|GWT swimming in 404 errors making it almost unusable|
I decided to remove a small section of my site that had continually updating affiliate offers along the lines of "today's top 10 widgets". The links all redirected via 301 through a single redirect page that was blocked in robots.txt, the standard installation for this particular program. Additionally all links pointing to the redirect page carried a nofollow tag.
After removing the offers from the handful of pages they were on my GWT has become inundated with 404 errors, to the tune of 30,000, most of which expired some time ago, years even.
Google never forgets a link, is there anything I can do besides just leave the 404 errors in place to speed their removal from GWT? Marking them fixed just gets them tagged as 404 again and they return.
How long does it take for 30,000 404 errors to stop being reported these days?
If the "small section" was a particular folder, you can go thru the steps to remove that folder.
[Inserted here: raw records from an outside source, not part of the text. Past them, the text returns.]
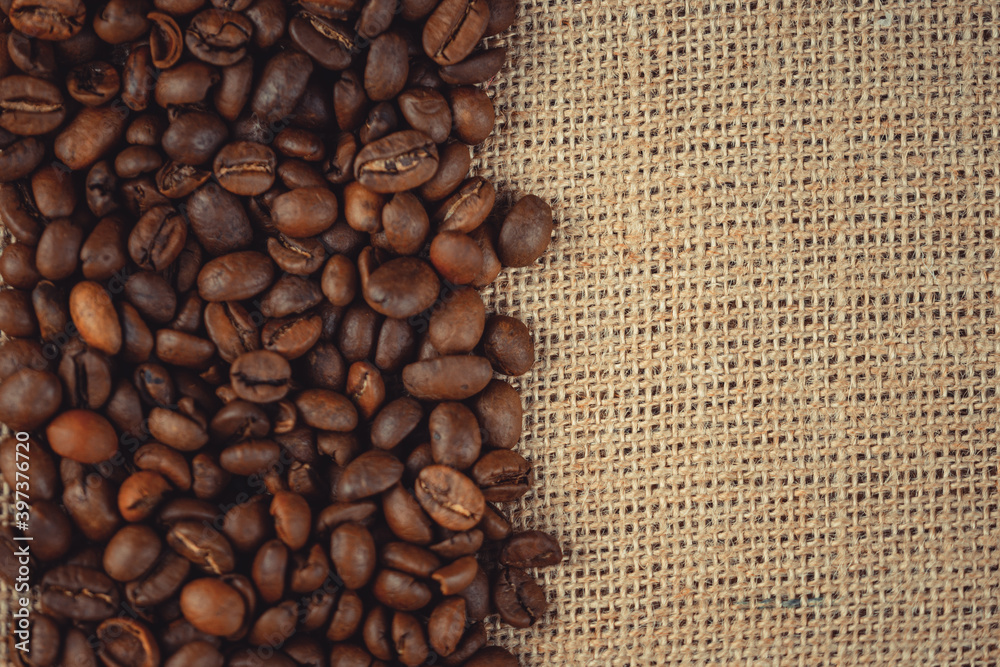 Roasted coffee beans on burlap. Background for coffee shops and store websites Roasted coffee beans on burlap. Background for coffee shops and store websites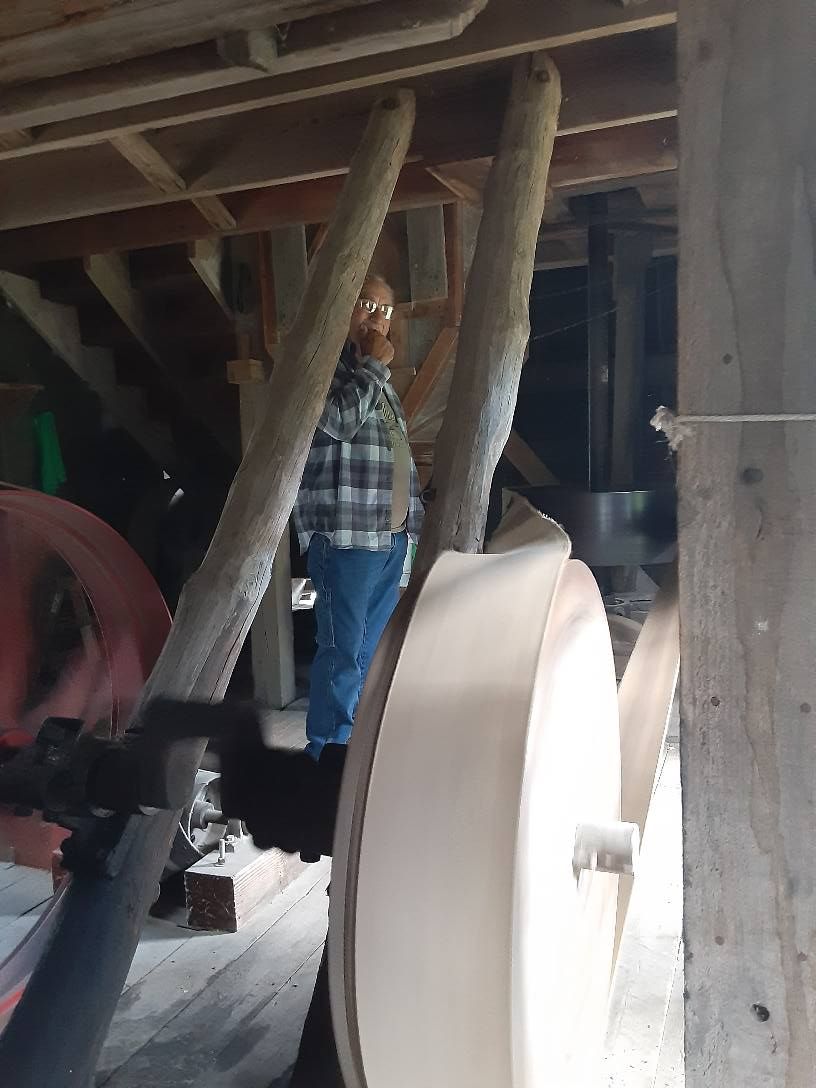 Man standing near large machinery inside a wooden building; he wears a plaid shirt and jeans.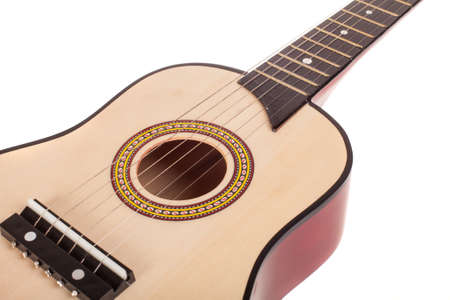 Acoustic guitar bridge and strings close up, isolated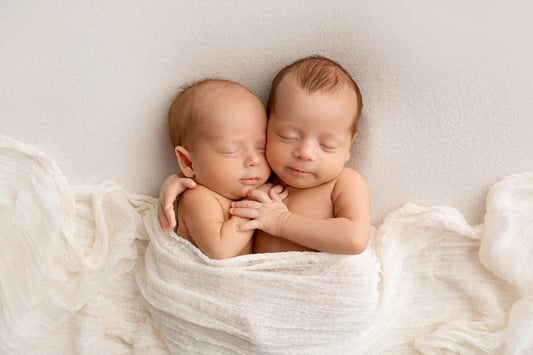 Two newborn babies wrapped together in soft white blanket – blog cover for posing tips in maternity and newborn photography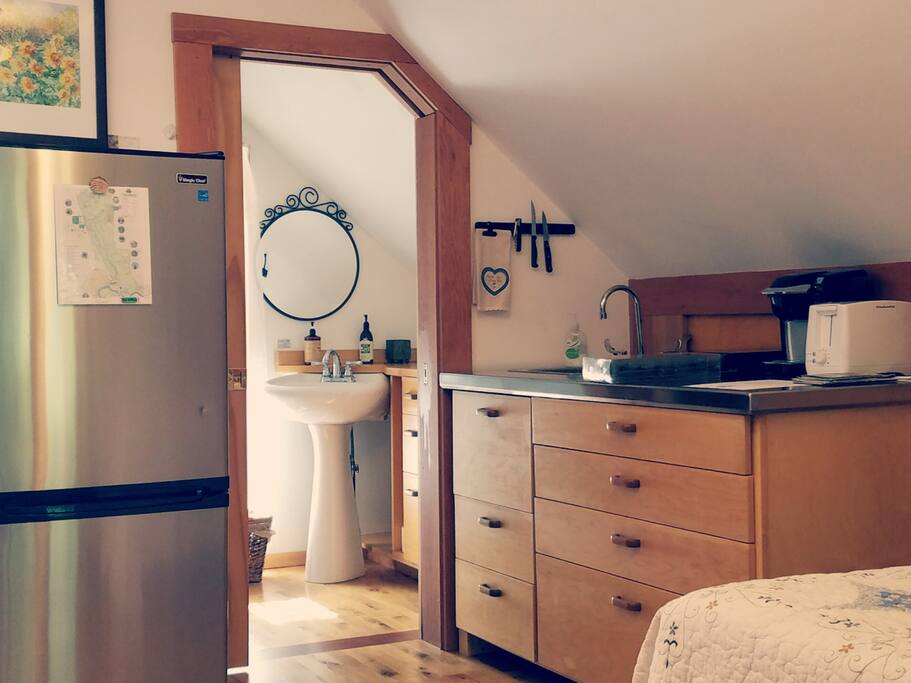 Kitchenette with fridge/freezer, hot plate, kuerig, toaster, sink, dishes and pots/pans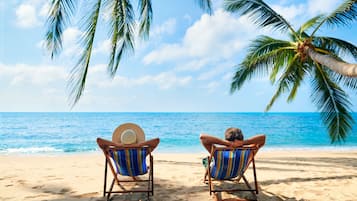 On the beach, sun loungers, beach towels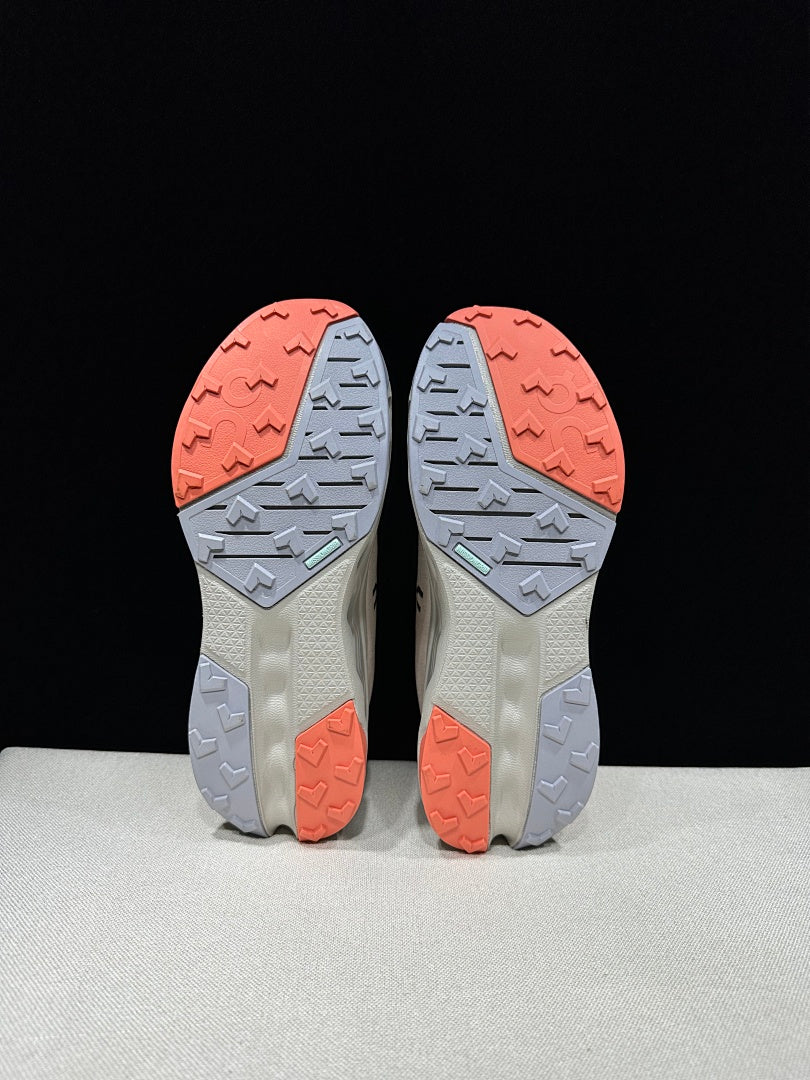 On Cloudsurfer Trail 2 Trail Running Shoes, in Ivory and Coral - product image from the listing.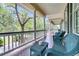 Inviting porch with wicker chairs and picturesque views of the surrounding landscape at 4702 Blockhouse Ln, Hollywood, SC 29449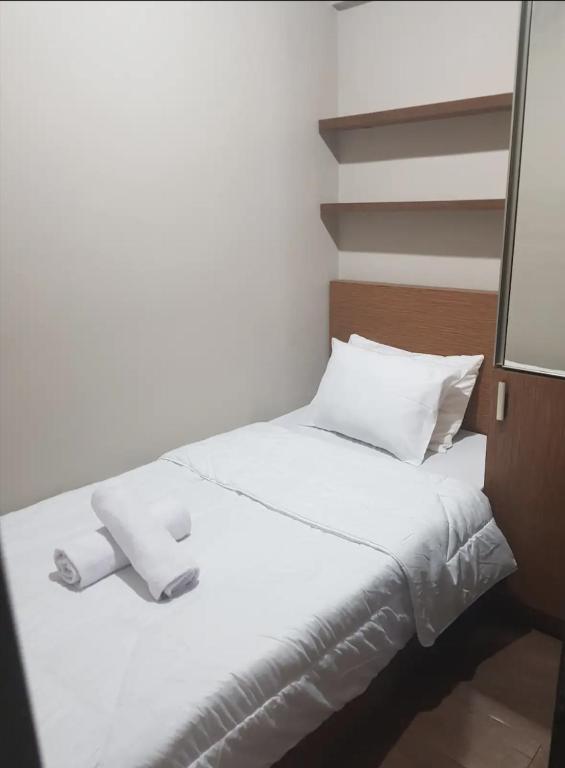 a white bed with two rolls of towels on it at Jardin B20, Pool View, Netflix & WIFI in Bandung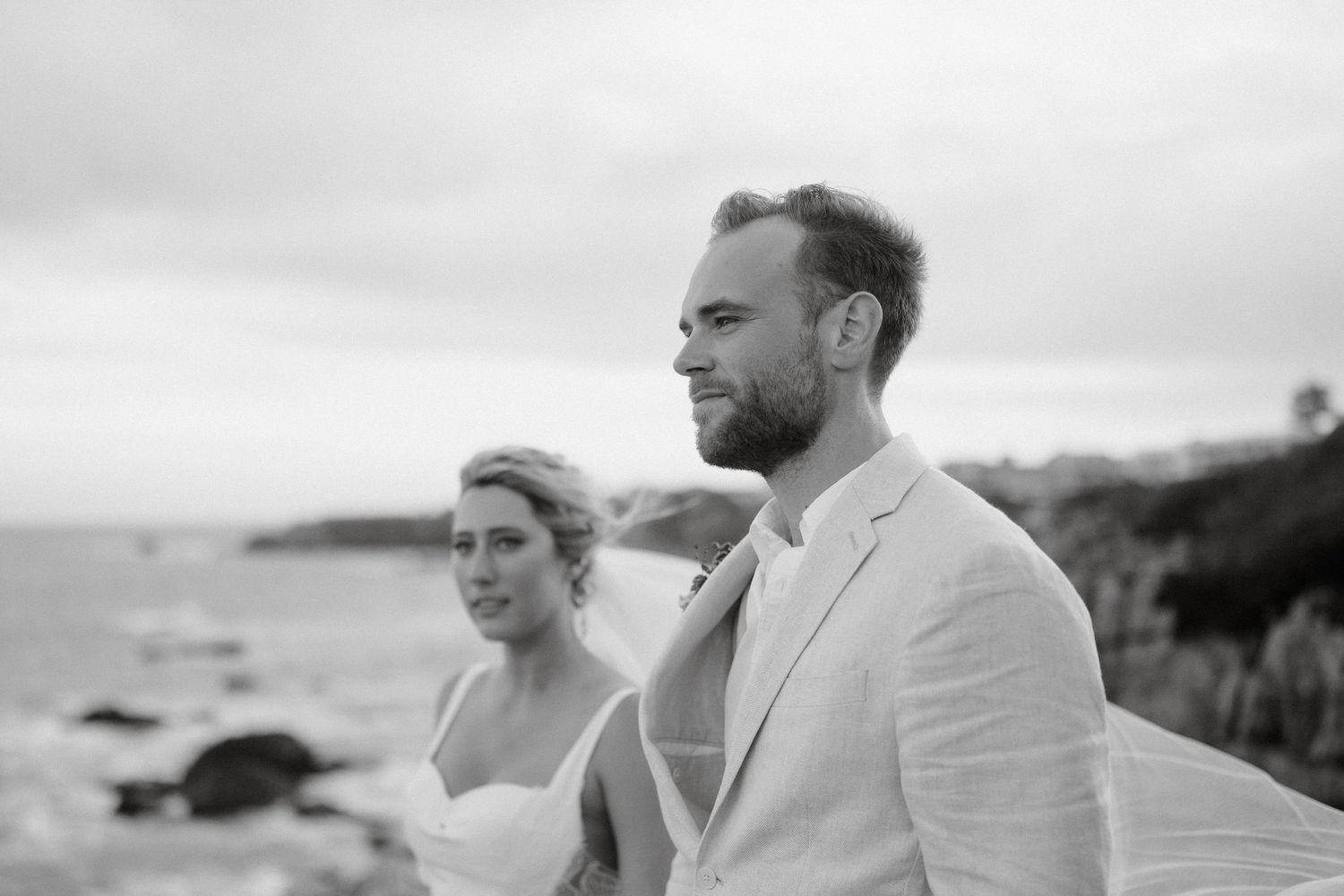 Black and white portrait of newlyweds looking out over coastal cliffs.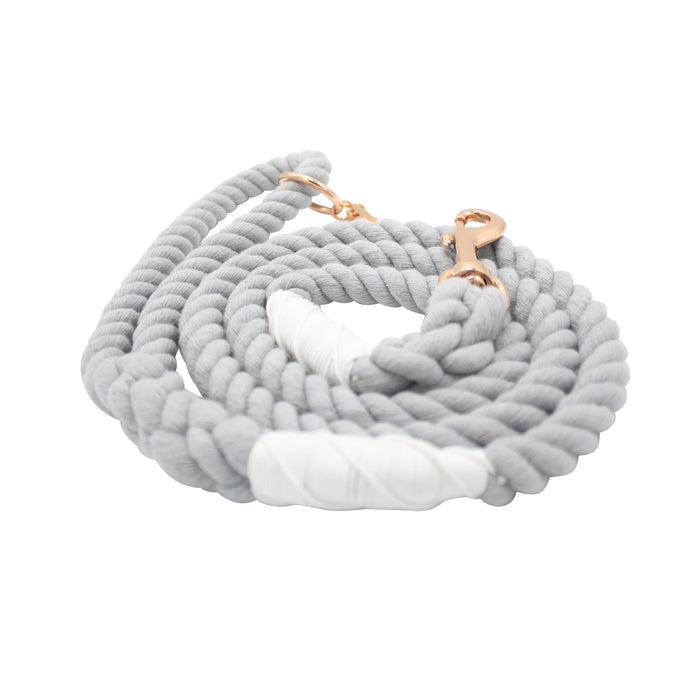 The Sassy Woof Dog Rope Leash - Serenity features a coiled, light gray cotton design with white accent wraps and rose gold hardware, including sturdy metal clips, shown on a white background.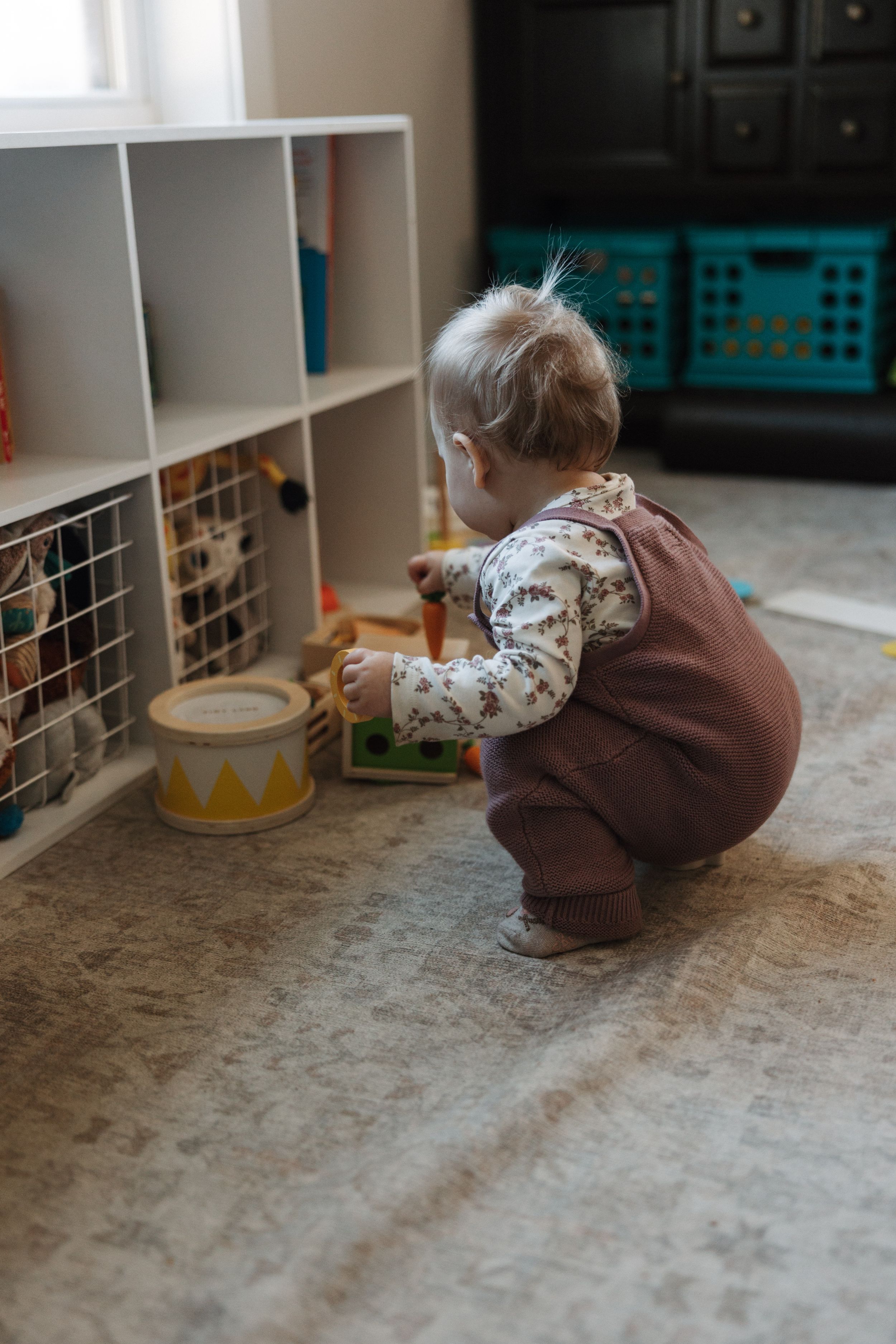 Toddler in brown overalls playing with wooden toys near white shelf organizer.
I've done it in the past but don't have a checklist of all the steps, it is not hard to do. The folder can not be blocked in robots.txt if you want to apply to remove it in GWT. If these were all individual pages then each would need to me removed. I have no idea how long it takes to accomplish, but it does stop the 404s.
It will take years to clear that out. You should serve 410 instead of 404, in that case they will disappear in a matter of weeks/months.
Do 410's really get treated more swiftly than 404's when you remove content? Google stated they see them both the same. Can't hurt to try, I'm not going to clear 1000 of these a day for a month manually when it ultimately changes nothing.
410 is treated slightly differently to 404; in this case just enough to be the right option for you to choose.
To expand on what he said about the 'slight difference', basically, a 404 will eventually be handled as Google handles a 410 initially.
Technically, a 410 is 'gone' and should not be re-requested by the user-agent in the future, but since webmasters change their mind and Google doesn't want to 'throw out' something good, they will re-request a 410 at a relatively infrequent rate, but the 'infrequency of re-requesting the page' begins as soon as the 410 is discovered. And, since it requires a 'deliberate action' to generate a 410, the page generating the error will be removed from the results nearly immediately.
A 404 initially is re-requested more frequently and will remain in the results for a longer period of time, because it's 'not found' and there are a number of reasons a page is 'not found' such as server error, or even some crazy 'update timing' where a site owner has decided to upload a newer version of all the pages in a directory on the server, which causes (or can cause) all the current pages in it to be deleted prior to writing the new version.
In a case such as the preceding, where there are 100 pages in the directory it can take a bit for the upload and writing to be completed, so if anyone (including Google) happens to request one (or more) of the pages after it's been deleted but before the new version is uploaded/saved, a 404 'not found' will be generated.
The page generating the error due to 'odd timing' should (correctly) be re-requested by the user-agent (including GoogleBot), and fortunately for webmasters with 'ugly upload timing', will remain in the results for a longer period than a 410 will, because a 404 Could be deliberate, but a 404 Could also be a short-term error which will be corrected, and there's no way of knowing for sure which it is from the error code, so Google 'errs on the side of caution' for 404 handling and keeps 'checking back' to see if the error is corrected at a relatively high frequency initially ... The longer a 404 goes uncorrected the less frequent the requests they make will become, and over time 404 will be re-requested at (or about) the same frequency as a 410.
Yes, as jdMorgan used to say:
"404 - the server can't find it, doesn't know why it is missing, doesn't know if it is ever coming back, and doesn't atually know if it ever existed in the first place."
"410 - it was here at some time in the past but now it has gone away forever. Don't bother asking for it again as you'll likely get the same response every time."
Once Google sees a URL starting to return 404, they check it up to twice more in the next 24 to 48 hours and then don't come back again for many weeks.
Once Google sees 410 Gone, they don't come back for many months to check the status again.
Google does check every URL they have ever seen at least once or twice per year because a large number of URLs returning 410 and other such codes do eventuallycome back to life (new content, new site owners, change of CMS, and many other reasons).
Google does sort the 404s by "priority". Do actual problems bubble up to the top for you?
I'd like to see you be able to sort the 404s by "number of current internal links", and "number of current external links" in that report. You'd think that Google's priority metric would already have the urls sorted by number of links to the page somehow.
I have 404 deleted pages and still appears in serps. An option in WMT for reported 404 pages with "remove permanent and immediatelly" will be useful.
I dont know if actual option "Mark as fixed" removes from serps too.
They will drop from the SERPs soon enough. There's nothing you need to do except be sure that the human readable 404 error message is helpful to the user and contains links to relevant content.
|Once Google sees 410 Gone, they don't come back for many months to check the status again. |
Necessary disclaimer: This applies specifically to google. Other search engines-- assuming for the sake of discussion that there exists such a thing-- may behave differently. This is based on direct personal observation. There are probably additional factors involved.